The First Nation, which has only about 800 members and about 300 people living in the community itself, also alleges Barlas manipulated how Denesoline and related companies were run to protect his leadership position and to prevent independent oversight, that he unilaterally appointed and removed directors, and that he failed to hold statutory annual meetings.
The allegations came to light early last week, and last Friday, LKDFN's lawyers successfully argued for Barlas's assets to be frozen and for Denesoline to be put into the temporary care of Riley Farber, an accounting firm in Calgary.
Matthew Sammon told a judge that Denesoline, for which Barlas is still director and CEO, was about to get a multi-million-dollar payment from a diamond mine. There was also concern Barlas was going to dissipate his assets.
Innes told CBC News on Friday that to be before the court a week later with evidence of an attempt to do just that — to dissipate assets — was "telling."
"We were very surprised," Innes said.
The court heard last Friday that a private investigator had tailed members of the Barlas family the day before. One of the things a former Calgary police officer observed, said Sammon, was that Zeba Barlas spent a "long period of time" at a Yellowknife bank.
Innes said LKDFN lawyers now suspect there's a link between that bank trip and the attempt to move money. Although that particular wire transfer didn't work, said Innes, there are other transactions LKDFN lawyers are looking into.
Barlas was not in court Friday. His lawyer, Michael Kirk, wasn't there either — and was instead represented by an agent.
CBC News has reached out to Ron Barlas for comment. As of 2 p.m. Friday, he had not responded.
Barlas previously said in an email that he denies any wrongdoing and will challenge allegations that he describes as "false, unfounded or misleading."
How does the freezing order work?
The order that freezes assets belonging to Ron and Zeba Barlas and the companies they own and control is called a Mareva injunction.
Kirk argued last week that the injunction and the order putting Denesoline into the care of a law firm were unfair because he hadn't had time to prepare for the hearing.
On Friday, however, Innes said after notifying Kirk of the attempted transfer, both sides agreed to the court extending the freezing order indefinitely. It means that LKDFN lawyers won't have to return every 10 days or less to explain to a judge why the freezing order should stay in place.
So how does a Mareva injunction work?
The injunction is a powerful legal instrument that orders a defendant not to move any assets they own or control to safeguard an applicant's legal claims. The order says that it "restrains" Ron and Zeba Barlas and their companies from "selling, removing, dissipating, alienating, transferring, assigning, [or] encumbering" their assets.

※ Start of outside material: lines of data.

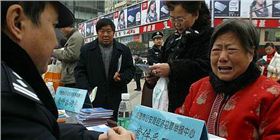 鋁單板廠家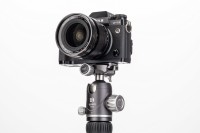 Statyw Benro Rhino 24C Carbon - bez głowicy (FRHN24C)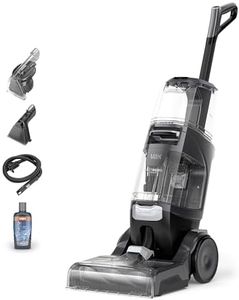 Vax SmartW
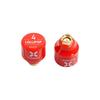 FOXEER Lolipop 4th Gen 5.8G Stubby FPV Antenna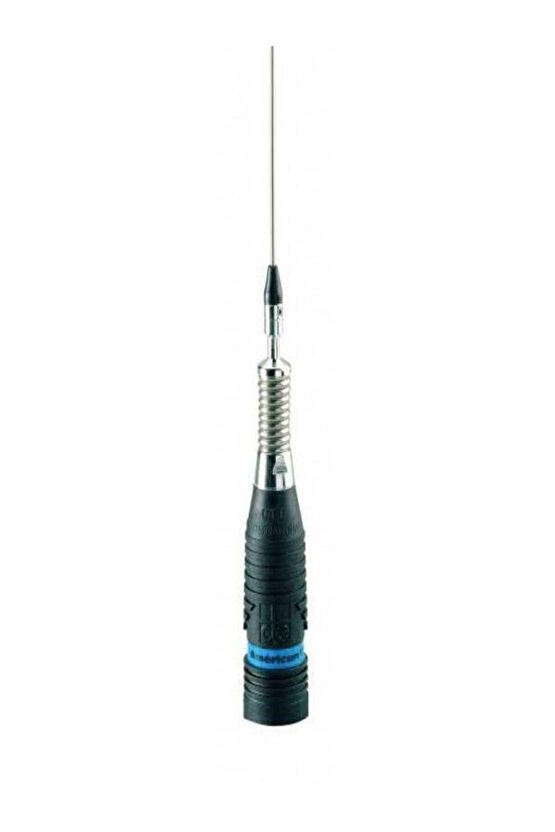 ML-145 CB Mobil Araç Anteni Citizen Band 27 mHz Anten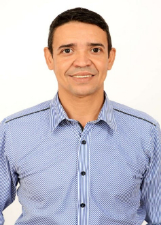 MAZÃO - OSMAR PEREIRA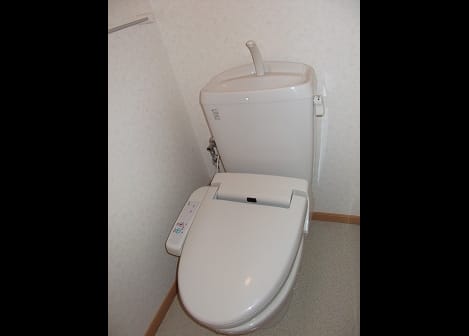 Naikan12 20150211000000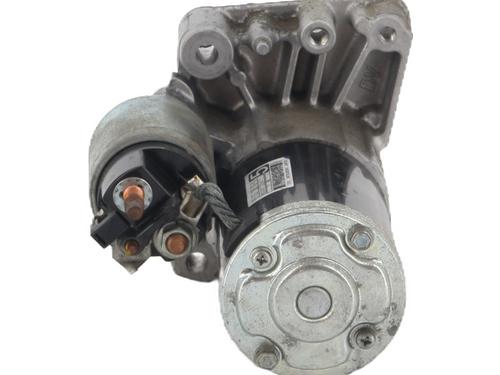 Starter CITROËN DS4 (NX_) 1.6 HDi 110 | BP30456673M8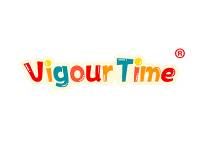 Vigour Time（元气时光）
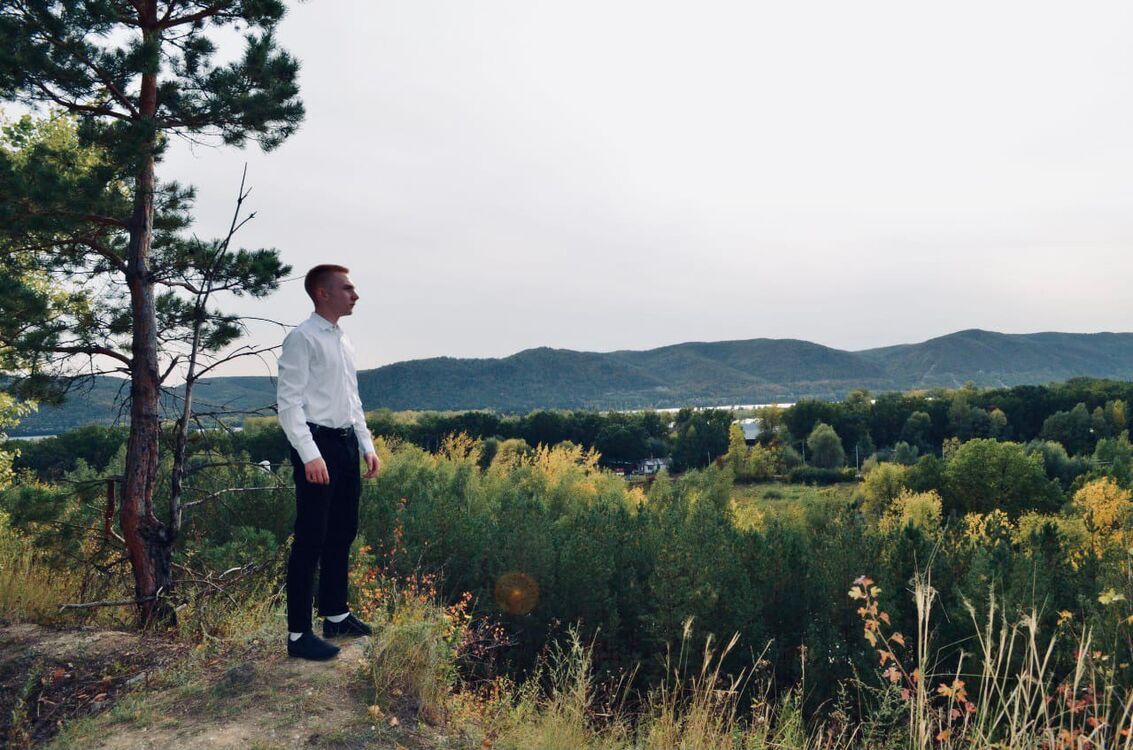 ���� 26015507 ������� �����, 26 ���, ���� ���������� � ������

When it was first imposed last week, Innes said there were "many, many emails" notifying financial institutions the Barlases have dealt with. The injunction orders banks to "freeze and prevent any removal or transfer of monies or assets of the Barlas parties."
The order also requires financial institutions to disclose records with LKDFN's lawyers.
That's how lawyers for LKDFN found out about the attempted wire transfer.
Innes doesn't know why the transfer didn't work — it was attempted the day before the order came into effect. But if it had gone through, he said his team would have received evidence of the transfer and would have taken steps to put the money back.
Innes said he doesn't know yet if Barlas made any successful attempts to move money out of reach of the courts.
"There are transactions that we're still examining," he said.
Barlas and his wife are allowed to spend money on living and legal expenses, but they have to apply to do so. Innes said the next step is for his team of lawyers and Kirk, Barlas's lawyer, to agree outside the court on a dollar figure for those expenses.